Research on text classification of telecom user query

Zhenhua Liu

doi:10.1117/12.2661973

28 December 2022 Research on text classification of telecom user query

Zhenhua Liu

Author Affiliations +

Proceedings Volume 12506, Third International Conference on Computer Science and Communication Technology (ICCSCT 2022); 125061P (2022) https://doi.org/10.1117/12.2661973
Event: International Conference on Computer Science and Communication Technology (ICCSCT 2022), 2022, Beijing, China

Abstract

Text classification plays a more and more important role in many practical applications. However, there are a large number of unevenly distributed but important data about the complaints of Chinese telecom users. How to efficiently and accurately implement these telephone consultation contents with only a small number of samples to specific departments and improve the user experience has become an urgent problem to be solved. In this paper, we propose a multi modelbased machine learning method—telecom textCNN predictor which can effectively improve the accuracy and recall of the model on the long tail data, and automatically mark the text, so as to accurately locate the class of the problem. The results show that our model is helpful for business personnel to quickly identify the type of complaint business, conduct targeted business acceptance and user services, and improve user perception and produces better accuracy than the SVM model.

1. INTRODUCTION

Text categorization is becoming more and more crucial in numerous practical applications. Many businesses are considering creating apps that use text categorization techniques in the digitisation process, especially in light of recent developments in natural language processing (NLP) and text mining¹. Some studies suggested enhancing SVM to significantly increase classification accuracy and speed up information search among diverse online Chinese language and literature resources with high matching degree². While Recurrent Neural Network-Long Short-Term Memory (RNN-LSTM) and Ant Colony Optimization (ACO) based Ranking Algorithm are used in some studies to create a classification-based model that is inspired by deep learning and generates extremely accurate and exact results³. To determine the topics that customers are most interested in when purchasing online, text mining was utilized to extract various inquiries from Q&A systems and online comments⁴. Although deep learning has been used to enhance text classification ability, there is still room for improvement in fields like law⁵. Important information processing systems are widely used, which can be said to be everywhere. However, in the complaint of Chinese telecom users, this problem can be defined as a short text multi classification problem⁶. There are a large number of unevenly distributed data. How to efficiently and accurately implement these calls to specific departments according to the consultation content and improve the user experience has become an urgent problem to be solved.

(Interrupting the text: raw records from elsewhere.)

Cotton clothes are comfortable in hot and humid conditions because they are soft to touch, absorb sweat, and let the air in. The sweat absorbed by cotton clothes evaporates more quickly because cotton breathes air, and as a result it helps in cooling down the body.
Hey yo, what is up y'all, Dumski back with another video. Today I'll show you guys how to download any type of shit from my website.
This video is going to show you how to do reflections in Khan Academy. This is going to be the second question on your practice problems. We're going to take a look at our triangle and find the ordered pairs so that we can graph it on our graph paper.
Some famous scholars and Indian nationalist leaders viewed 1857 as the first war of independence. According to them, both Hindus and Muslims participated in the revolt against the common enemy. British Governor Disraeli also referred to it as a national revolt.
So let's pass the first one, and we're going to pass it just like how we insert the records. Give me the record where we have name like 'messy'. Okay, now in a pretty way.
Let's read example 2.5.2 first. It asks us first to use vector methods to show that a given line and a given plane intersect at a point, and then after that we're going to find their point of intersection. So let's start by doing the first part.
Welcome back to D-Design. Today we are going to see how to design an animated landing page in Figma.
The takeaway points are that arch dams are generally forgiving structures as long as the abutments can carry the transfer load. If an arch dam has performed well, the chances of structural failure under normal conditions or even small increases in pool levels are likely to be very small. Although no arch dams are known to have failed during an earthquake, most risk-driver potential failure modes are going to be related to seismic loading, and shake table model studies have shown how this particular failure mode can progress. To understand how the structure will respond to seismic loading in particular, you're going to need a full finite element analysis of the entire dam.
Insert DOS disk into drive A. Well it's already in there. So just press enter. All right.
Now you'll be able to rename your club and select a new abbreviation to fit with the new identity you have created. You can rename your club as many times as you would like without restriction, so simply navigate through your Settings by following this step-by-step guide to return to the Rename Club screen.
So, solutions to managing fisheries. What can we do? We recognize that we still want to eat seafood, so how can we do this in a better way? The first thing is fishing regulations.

In this data set shown in Figure 1, some categories have 1500 data, while some categories have only 10 or even one data, which is the problem of data imbalance.

Figure 1.

The distribution of the telecom user query dataset.

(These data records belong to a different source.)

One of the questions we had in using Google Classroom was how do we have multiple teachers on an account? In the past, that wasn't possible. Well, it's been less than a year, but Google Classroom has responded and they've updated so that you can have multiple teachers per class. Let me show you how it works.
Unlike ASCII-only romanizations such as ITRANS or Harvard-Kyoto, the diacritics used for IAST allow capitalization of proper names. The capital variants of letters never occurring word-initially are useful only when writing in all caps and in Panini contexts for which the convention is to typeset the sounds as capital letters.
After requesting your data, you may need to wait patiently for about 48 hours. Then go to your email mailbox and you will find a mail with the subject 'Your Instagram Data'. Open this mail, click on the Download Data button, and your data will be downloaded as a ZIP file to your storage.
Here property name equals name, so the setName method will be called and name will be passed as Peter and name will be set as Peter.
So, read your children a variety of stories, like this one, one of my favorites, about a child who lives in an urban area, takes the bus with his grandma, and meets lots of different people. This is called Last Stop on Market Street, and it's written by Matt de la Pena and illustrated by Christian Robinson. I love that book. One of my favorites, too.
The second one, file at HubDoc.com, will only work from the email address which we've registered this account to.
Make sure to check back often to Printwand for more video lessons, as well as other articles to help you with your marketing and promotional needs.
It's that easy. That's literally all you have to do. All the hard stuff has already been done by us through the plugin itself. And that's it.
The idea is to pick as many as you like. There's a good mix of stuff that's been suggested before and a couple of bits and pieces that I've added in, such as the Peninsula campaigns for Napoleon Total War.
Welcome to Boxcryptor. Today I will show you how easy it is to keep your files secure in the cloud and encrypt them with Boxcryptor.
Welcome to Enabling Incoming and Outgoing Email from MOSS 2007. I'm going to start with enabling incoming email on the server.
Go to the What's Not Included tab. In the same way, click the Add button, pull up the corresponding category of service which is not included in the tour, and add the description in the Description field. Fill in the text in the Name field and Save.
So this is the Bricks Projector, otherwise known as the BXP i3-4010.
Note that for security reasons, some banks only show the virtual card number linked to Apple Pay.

In this paper, we first propose a feature engineering scheme based on TFIDF (term frequency–inverse document frequency) and MLP (Multilayer Perceptron) model, then propose an optimization model based on textCNN neural network.

2. RELATED WORK

Text classification is becoming more and more crucial in numerous practical applications. Ghiassi⁷ offers a comprehensive method for sentiment analysis of Twitter and spam filtering of YouTube comments that incorporates a new clustering technique, another clustering algorithm (YAC2), and a transferable domain feature engineering approach. A method of question-answering put out by Kim⁸ automatically provides users with statistics on infrastructure degradation from textual input. Stitini⁹ came to the conclusion that the relationship between contextual data and classification strengthens and improves the outcomes of recommendations.

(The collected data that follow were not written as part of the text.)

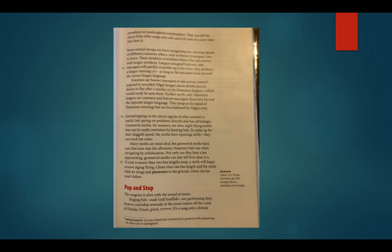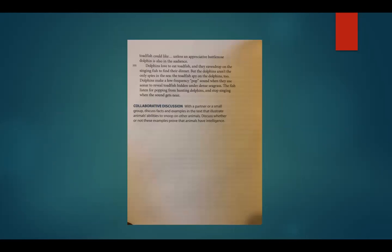Before we move on, let's notice this word: plummet. If you plummet, you fall straight down, suddenly and steeply. Next subheading: Pop and Stop. The seagrass is alive with the sound of music. Singing fish — male gulf toadfish — are performing their bizarre courtship serenade in the azure waters off the coast of Florida. Grunt, grunt, grunt, grunt. It's a song only a female toadfish could like, unless an appreciative bottlenose dolphin is also in the audience. Dolphins love to eat toadfish, and they eavesdrop on the singing fish to find their dinner. But the dolphins aren't the only spies in the sea — the toadfish spy on the dolphins too. Dolphins make a low frequency pop sound when they use sonar to reveal toadfish hidden under dense seagrass. The fish listen for popping from hunting dolphins and stop singing when the sound gets near.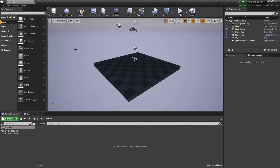Hello everybody, welcome back to another Quikster Games video. Today I'll be teaching you how to make first-person character movement in Unreal Engine with C++. So let's get into it.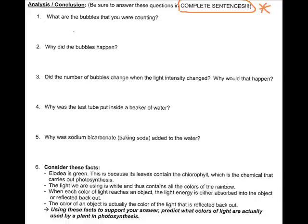This should complete your photosynthesis lab. Please make sure your name is on it and turn it in to me as soon as possible. Thanks very much!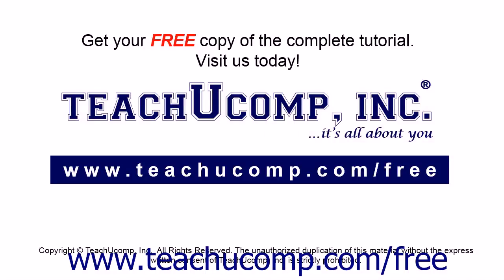Get your free copy of the complete tutorial at www.teachyoucomp.com forward slash free.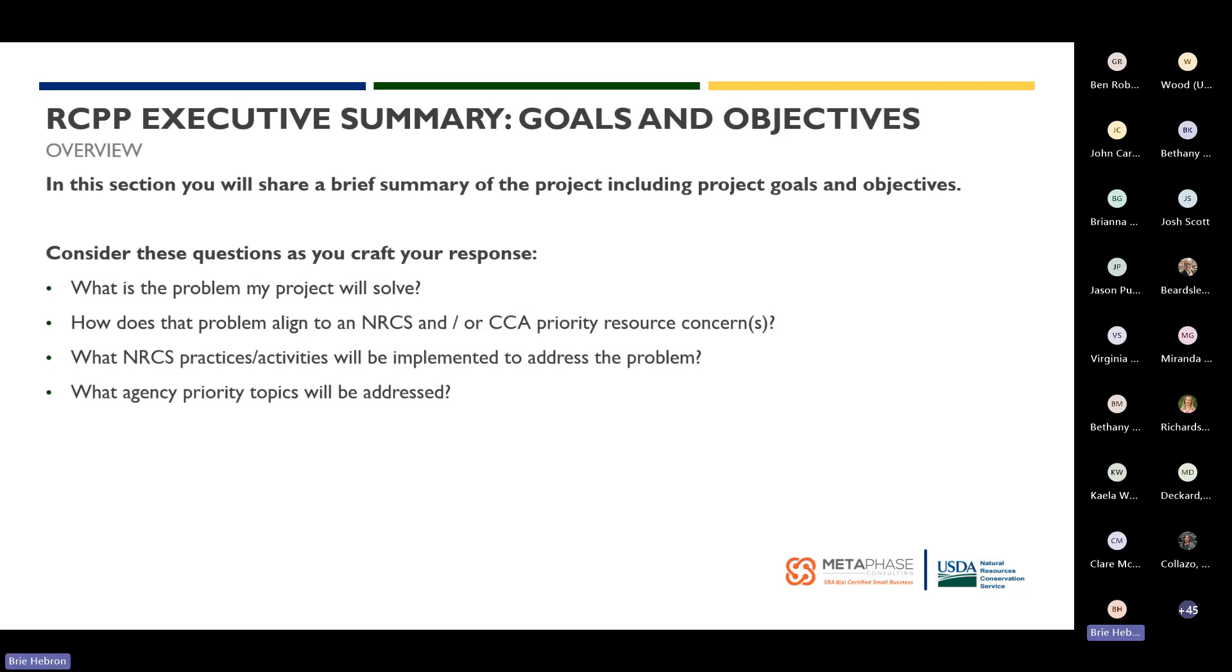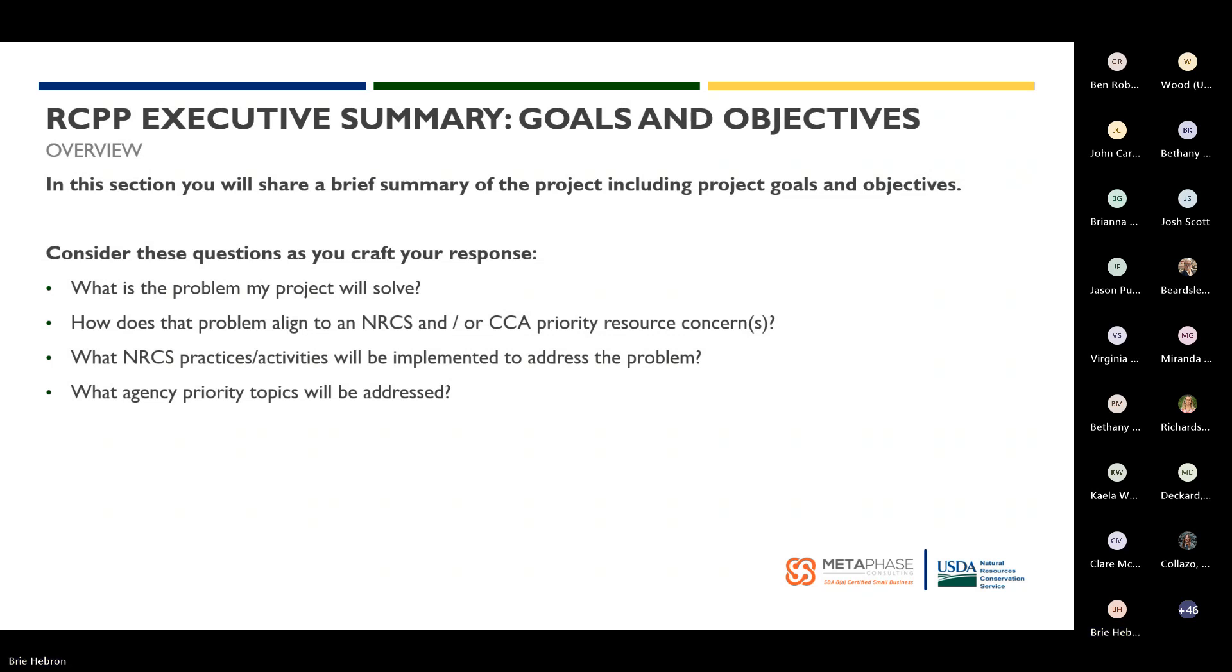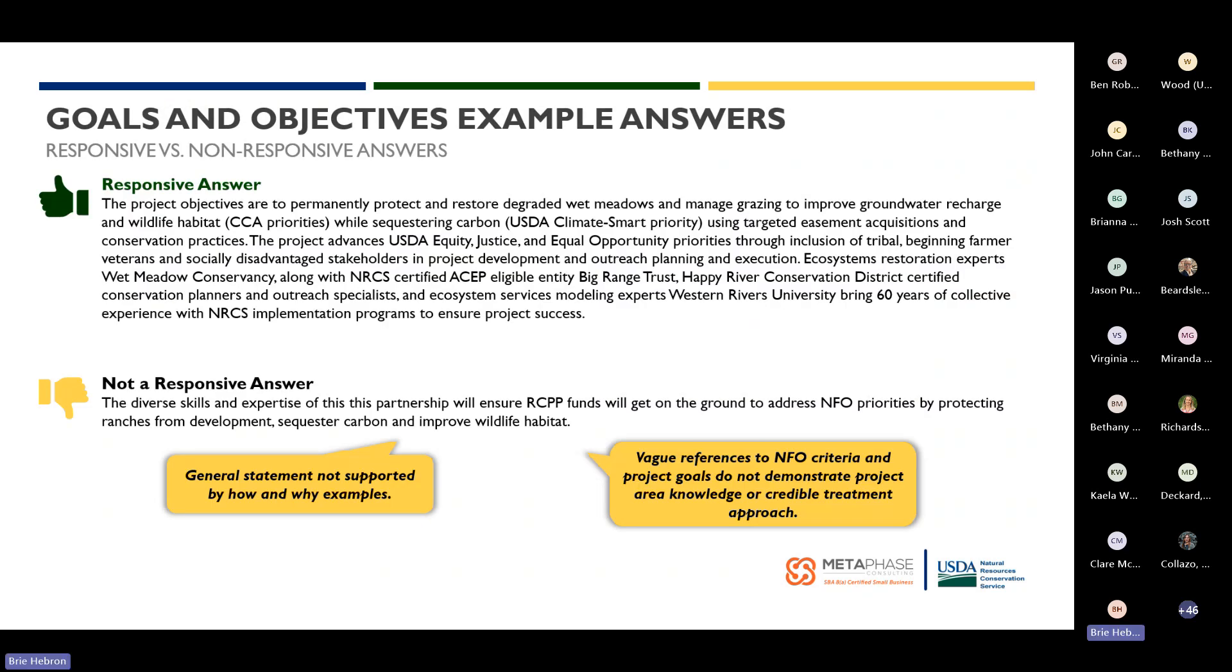The first field in the executive summary is goals and objectives. In this section, you want to write a brief summary of the project goals and objectives. When you're considering what you're going to fill in, you want to be thinking: What is the problem my project will solve? How does that problem align to an NRCS priority resource concern or a critical conservation area? What NRCS practices will be implemented to address the problem? And what agency priority topics will be addressed? Don't miss the opportunity to highlight the benefits of your particular project and address how your project aligns to NRCS priorities and practices.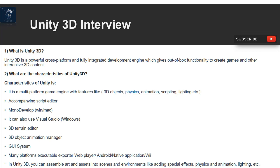Question 2: What are the characteristics of Unity 3D? Unity is a multi-platform game engine with features like 3D objects, physics, animation, scripting, and lighting. It includes an accompanying script editor — MonoDevelop (Win/Mac) — and can also use Visual Studio.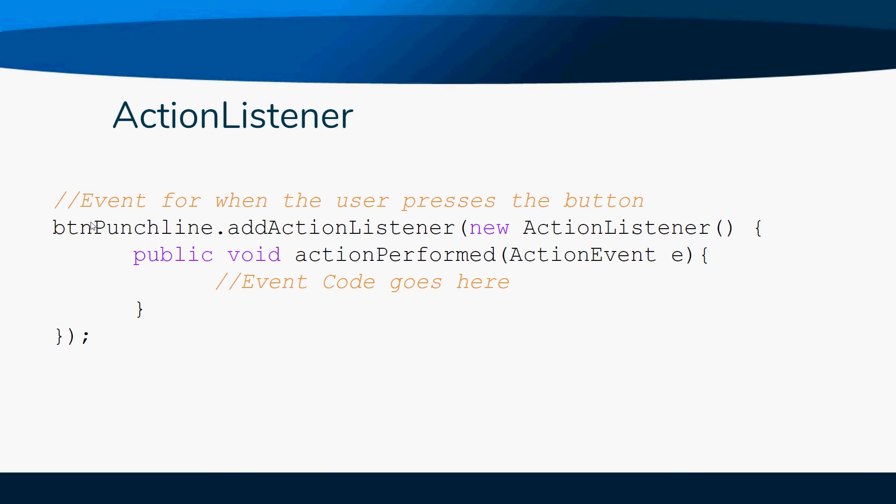This right here is the name of the button - btnPunchline or btnCalculator, whatever you happen to name it when you instantiate it. Remember when you instantiate it's JButton btn, whatever, equals new JButton - well, then you'll associate this action listener with it.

The majority of strategies now in use concentrate on creating intricate deep learning models to explore the relationship between context and target elements. Convolutional neural networks (CNN) and natural language processing (NLP) are the foundation of Du’s novel automatic defective text categorization system¹⁰ (AutoDefect), which uses a hierarchical two-level encoder. For learning text representations level-by-level, Ma¹¹ developed a level-by-level HMTC technique based on a two-way gated recursive unitary network model with a hybrid embedding.

The lack of training data and imbalanced data present a barrier in the Mechatronics text classification task. Bilal¹² proposed a churn prediction model based on a combination of clustering and classification algorithms employing an ensemble. Wang¹³ created TTCP, which uses a unique loss function that takes both the quantity of predictions and the location of the ground truth label into account. Furthermore, the outcomes did not much improve as a result of these sophisticated models.

3. METHOD

3.1

TF-IDF

A weighting method that is frequently used in information retrieval and information exploration is term frequency inverse document frequency. A statistical technique called TF-IDF can be used to determine how important a word is to a document inside a corpus or group of documents. A word’s significance rises in direct proportion to how frequently it appears in a text, but it falls in direct proportion to how frequently it appears in a corpus.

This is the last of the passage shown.